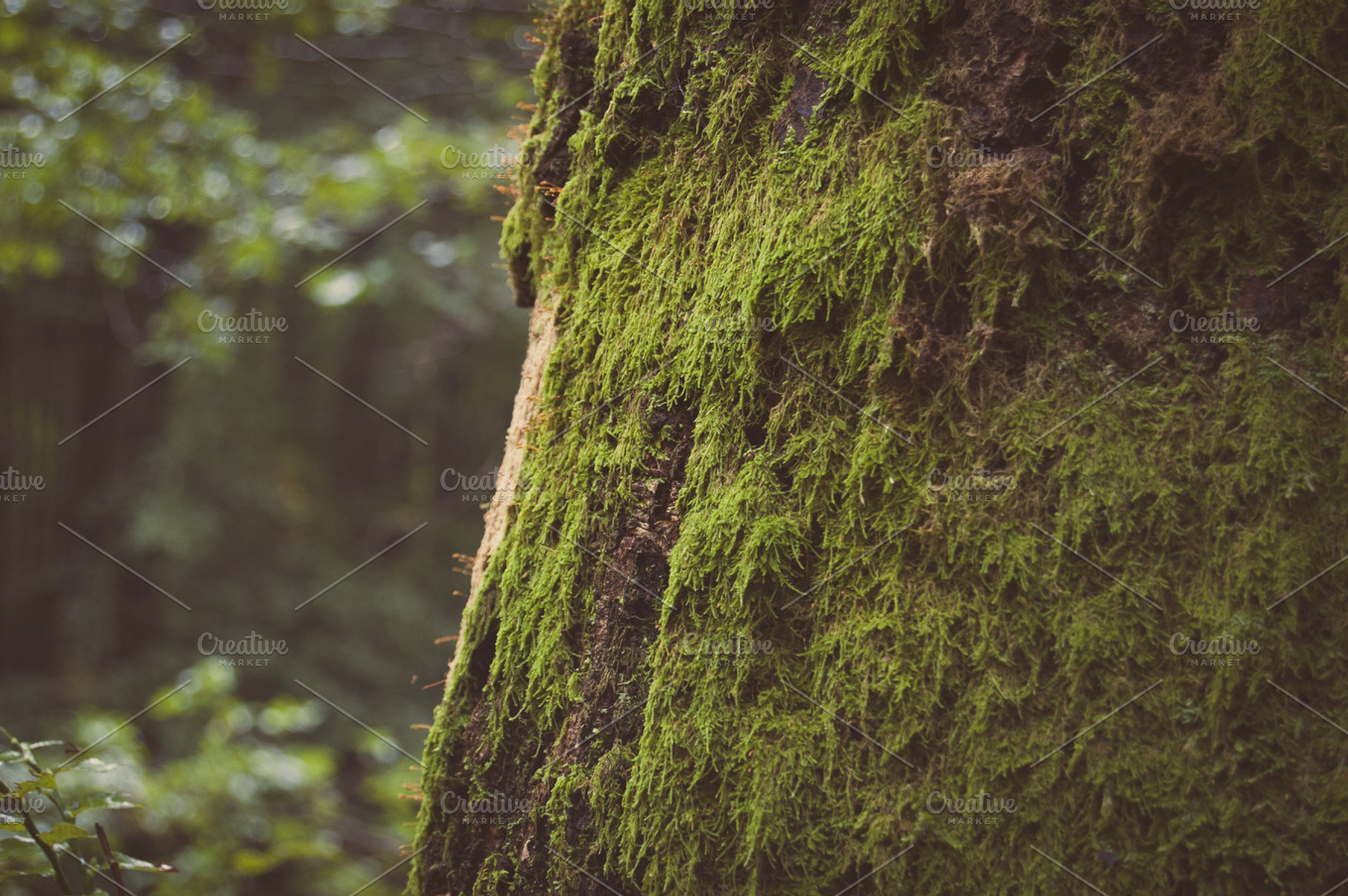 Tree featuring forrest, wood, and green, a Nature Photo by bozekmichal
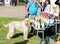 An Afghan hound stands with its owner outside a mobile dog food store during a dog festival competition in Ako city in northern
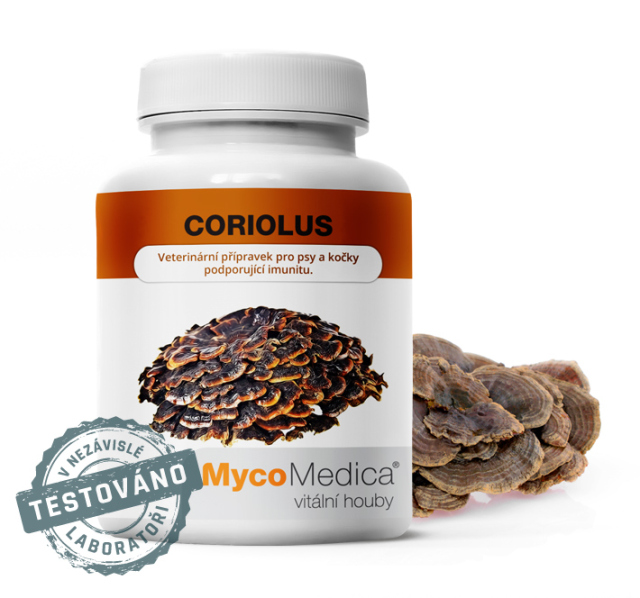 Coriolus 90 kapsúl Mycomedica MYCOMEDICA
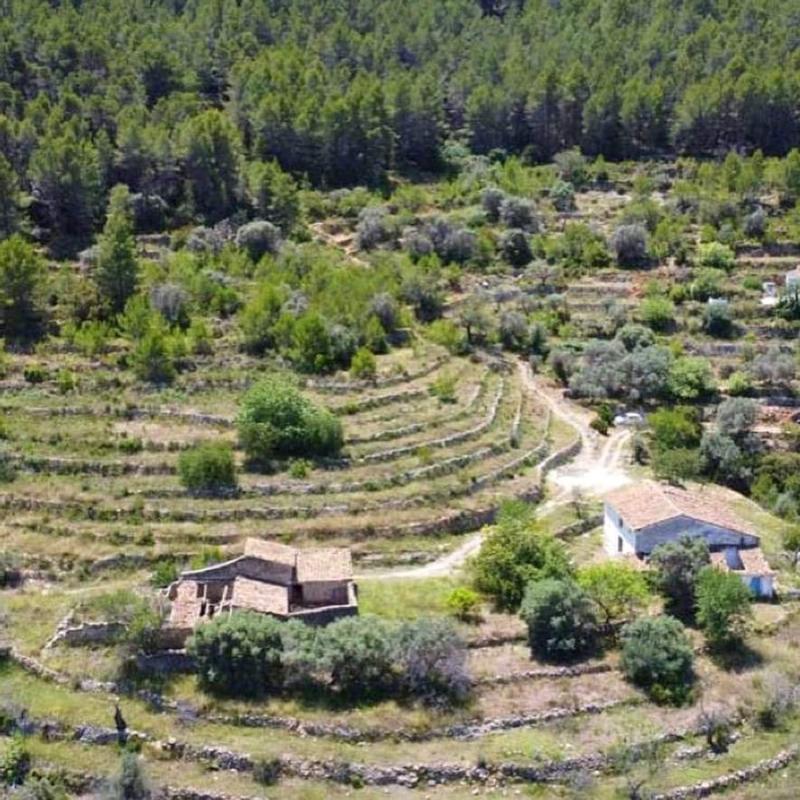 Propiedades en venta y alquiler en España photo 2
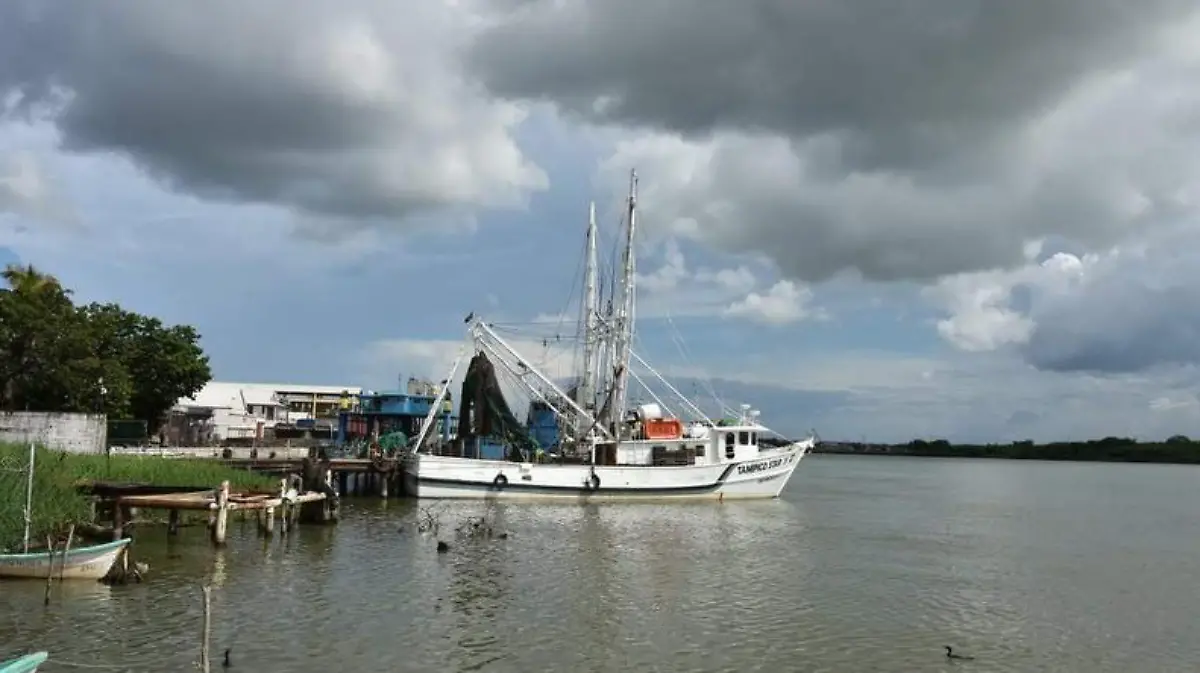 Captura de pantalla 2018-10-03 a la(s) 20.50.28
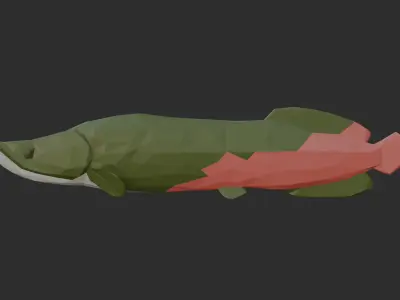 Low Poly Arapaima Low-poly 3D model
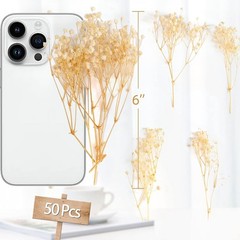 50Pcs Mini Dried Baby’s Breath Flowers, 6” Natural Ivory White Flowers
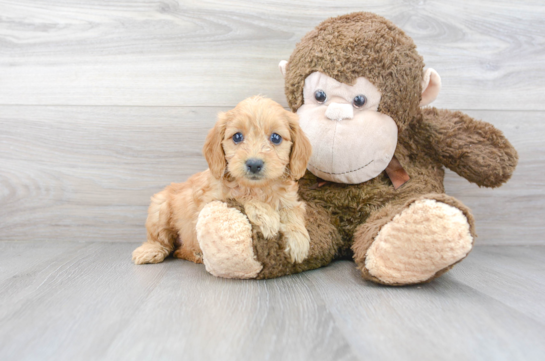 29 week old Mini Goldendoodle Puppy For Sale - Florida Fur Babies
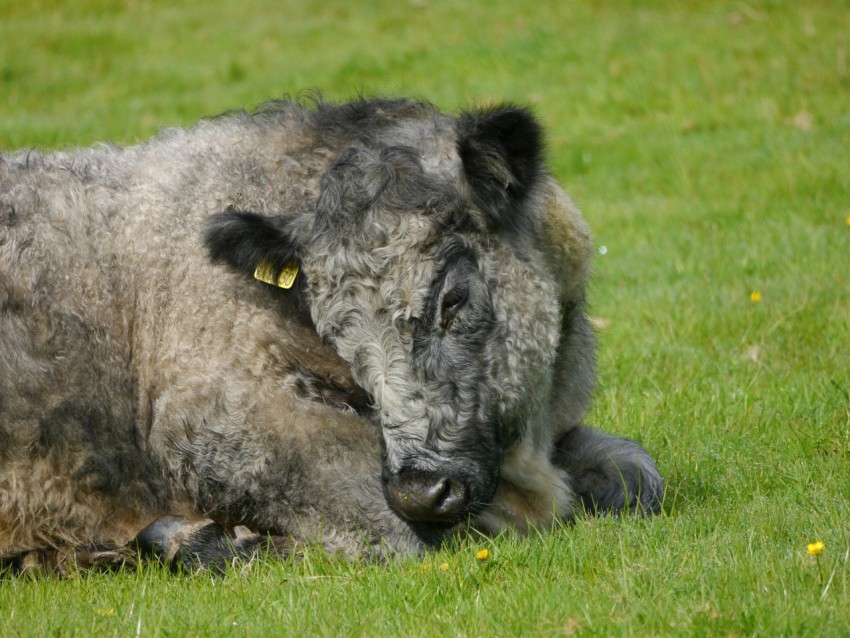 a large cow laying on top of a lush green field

▸ TASK STATEMENT: Go to the line above holding "An Afghan hound", then copy exactly each line down to and including the one holding "Low Poly Arapaima Low-poly 3D model", leaving pictures out.

▸ RESPONSE TO THIS TASK:
 An Afghan hound stands with its owner outside a mobile dog food store during a dog festival competition in Ako city in northern
 Coriolus 90 kapsúl Mycomedica MYCOMEDICA
 Propiedades en venta y alquiler en España photo 2
 Captura de pantalla 2018-10-03 a la(s) 20.50.28
 Low Poly Arapaima Low-poly 3D model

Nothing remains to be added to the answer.